Records from a dataset
+ + + + +
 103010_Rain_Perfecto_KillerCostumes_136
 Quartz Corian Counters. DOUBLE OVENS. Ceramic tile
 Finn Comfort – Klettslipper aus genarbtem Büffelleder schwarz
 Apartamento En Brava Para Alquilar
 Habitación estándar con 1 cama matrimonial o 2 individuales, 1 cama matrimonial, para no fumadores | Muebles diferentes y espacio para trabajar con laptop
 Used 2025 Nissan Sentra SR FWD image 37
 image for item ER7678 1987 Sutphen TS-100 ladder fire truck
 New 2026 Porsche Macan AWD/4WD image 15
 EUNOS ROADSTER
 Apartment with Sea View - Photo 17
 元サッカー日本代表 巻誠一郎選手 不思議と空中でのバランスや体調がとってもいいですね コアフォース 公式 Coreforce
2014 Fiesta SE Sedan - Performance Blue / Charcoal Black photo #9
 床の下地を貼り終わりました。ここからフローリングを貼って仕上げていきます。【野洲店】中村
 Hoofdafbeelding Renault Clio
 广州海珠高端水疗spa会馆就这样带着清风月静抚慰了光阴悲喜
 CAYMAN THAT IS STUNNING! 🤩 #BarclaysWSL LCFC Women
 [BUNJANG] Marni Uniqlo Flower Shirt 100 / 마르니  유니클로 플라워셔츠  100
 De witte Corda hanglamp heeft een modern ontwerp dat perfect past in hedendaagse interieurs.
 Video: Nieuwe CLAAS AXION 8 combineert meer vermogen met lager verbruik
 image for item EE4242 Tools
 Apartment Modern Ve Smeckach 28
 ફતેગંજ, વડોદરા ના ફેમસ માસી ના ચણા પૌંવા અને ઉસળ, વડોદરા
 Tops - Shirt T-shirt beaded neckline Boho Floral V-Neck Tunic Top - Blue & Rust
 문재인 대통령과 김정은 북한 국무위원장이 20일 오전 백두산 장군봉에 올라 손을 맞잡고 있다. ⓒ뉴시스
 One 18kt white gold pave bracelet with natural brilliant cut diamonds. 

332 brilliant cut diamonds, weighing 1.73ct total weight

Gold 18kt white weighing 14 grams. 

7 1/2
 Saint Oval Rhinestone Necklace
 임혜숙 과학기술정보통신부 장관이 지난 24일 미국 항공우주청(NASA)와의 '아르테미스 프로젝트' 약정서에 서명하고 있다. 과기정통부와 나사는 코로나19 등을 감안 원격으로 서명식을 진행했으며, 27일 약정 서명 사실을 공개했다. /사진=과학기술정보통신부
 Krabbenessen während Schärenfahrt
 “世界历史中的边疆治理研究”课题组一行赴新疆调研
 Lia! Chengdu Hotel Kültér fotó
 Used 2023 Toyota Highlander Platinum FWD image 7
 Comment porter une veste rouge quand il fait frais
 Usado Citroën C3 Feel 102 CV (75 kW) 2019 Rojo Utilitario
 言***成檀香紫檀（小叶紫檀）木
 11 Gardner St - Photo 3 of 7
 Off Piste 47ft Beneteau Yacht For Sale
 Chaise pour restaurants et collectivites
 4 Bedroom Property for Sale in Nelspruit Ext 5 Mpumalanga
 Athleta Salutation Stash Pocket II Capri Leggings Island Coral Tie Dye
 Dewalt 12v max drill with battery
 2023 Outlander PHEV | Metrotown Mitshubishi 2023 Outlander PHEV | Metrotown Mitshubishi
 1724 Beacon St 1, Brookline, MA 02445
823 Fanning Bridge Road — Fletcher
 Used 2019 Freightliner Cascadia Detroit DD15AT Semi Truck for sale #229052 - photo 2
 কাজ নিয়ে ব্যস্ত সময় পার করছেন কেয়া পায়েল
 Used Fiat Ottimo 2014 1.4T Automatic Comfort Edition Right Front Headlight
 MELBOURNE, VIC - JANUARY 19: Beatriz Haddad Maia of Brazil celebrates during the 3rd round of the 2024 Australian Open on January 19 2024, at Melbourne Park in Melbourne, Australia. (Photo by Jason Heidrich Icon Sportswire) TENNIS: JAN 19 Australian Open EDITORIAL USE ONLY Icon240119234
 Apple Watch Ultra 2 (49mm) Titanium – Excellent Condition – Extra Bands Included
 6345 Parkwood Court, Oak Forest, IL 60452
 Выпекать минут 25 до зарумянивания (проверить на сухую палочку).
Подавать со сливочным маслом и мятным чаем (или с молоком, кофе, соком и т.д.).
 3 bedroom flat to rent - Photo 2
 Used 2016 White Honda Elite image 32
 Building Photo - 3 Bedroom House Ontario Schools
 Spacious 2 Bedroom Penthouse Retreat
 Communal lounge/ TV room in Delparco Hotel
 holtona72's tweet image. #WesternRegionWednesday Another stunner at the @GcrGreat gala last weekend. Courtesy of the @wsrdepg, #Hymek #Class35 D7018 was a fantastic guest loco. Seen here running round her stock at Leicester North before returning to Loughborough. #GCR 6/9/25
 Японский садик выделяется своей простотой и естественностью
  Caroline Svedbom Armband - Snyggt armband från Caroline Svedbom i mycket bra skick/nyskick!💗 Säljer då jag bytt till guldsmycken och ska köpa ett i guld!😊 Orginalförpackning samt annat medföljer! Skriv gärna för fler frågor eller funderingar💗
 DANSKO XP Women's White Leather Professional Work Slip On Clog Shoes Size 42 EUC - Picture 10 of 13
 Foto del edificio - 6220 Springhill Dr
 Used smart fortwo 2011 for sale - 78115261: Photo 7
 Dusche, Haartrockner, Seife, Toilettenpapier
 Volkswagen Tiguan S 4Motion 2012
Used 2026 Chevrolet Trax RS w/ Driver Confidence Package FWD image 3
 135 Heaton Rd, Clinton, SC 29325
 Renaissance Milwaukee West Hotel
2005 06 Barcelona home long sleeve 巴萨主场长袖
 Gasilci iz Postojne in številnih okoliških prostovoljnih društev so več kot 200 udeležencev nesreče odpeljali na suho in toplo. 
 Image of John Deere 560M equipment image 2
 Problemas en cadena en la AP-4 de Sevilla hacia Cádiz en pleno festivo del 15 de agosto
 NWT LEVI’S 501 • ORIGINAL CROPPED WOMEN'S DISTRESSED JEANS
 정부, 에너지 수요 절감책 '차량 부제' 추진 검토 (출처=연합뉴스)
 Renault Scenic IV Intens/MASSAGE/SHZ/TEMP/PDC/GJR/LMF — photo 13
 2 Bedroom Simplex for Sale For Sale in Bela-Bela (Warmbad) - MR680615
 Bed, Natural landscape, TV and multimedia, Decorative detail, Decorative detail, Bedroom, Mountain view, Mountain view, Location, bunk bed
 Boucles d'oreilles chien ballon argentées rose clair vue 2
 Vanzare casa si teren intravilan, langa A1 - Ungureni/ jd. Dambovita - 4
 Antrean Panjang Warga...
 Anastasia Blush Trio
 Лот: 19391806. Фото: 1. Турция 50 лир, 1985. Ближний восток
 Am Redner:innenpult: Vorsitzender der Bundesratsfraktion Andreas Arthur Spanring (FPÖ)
+ + + + +
Given the data above, transcribe exactly the lines from the one containing "[BUNJANG] Marni Uniqlo" down to the one containing "Krabbenessen während Schärenfahrt", and no others.

**EXERCISE RESULT:**
 [BUNJANG] Marni Uniqlo Flower Shirt 100 / 마르니  유니클로 플라워셔츠  100
 De witte Corda hanglamp heeft een modern ontwerp dat perfect past in hedendaagse interieurs.
 Video: Nieuwe CLAAS AXION 8 combineert meer vermogen met lager verbruik
 image for item EE4242 Tools
 Apartment Modern Ve Smeckach 28
 ફતેગંજ, વડોદરા ના ફેમસ માસી ના ચણા પૌંવા અને ઉસળ, વડોદરા
 Tops - Shirt T-shirt beaded neckline Boho Floral V-Neck Tunic Top - Blue & Rust
 문재인 대통령과 김정은 북한 국무위원장이 20일 오전 백두산 장군봉에 올라 손을 맞잡고 있다. ⓒ뉴시스
 One 18kt white gold pave bracelet with natural brilliant cut diamonds. 

332 brilliant cut diamonds, weighing 1.73ct total weight

Gold 18kt white weighing 14 grams. 

7 1/2
 Saint Oval Rhinestone Necklace
 임혜숙 과학기술정보통신부 장관이 지난 24일 미국 항공우주청(NASA)와의 '아르테미스 프로젝트' 약정서에 서명하고 있다. 과기정통부와 나사는 코로나19 등을 감안 원격으로 서명식을 진행했으며, 27일 약정 서명 사실을 공개했다. /사진=과학기술정보통신부
 Krabbenessen während Schärenfahrt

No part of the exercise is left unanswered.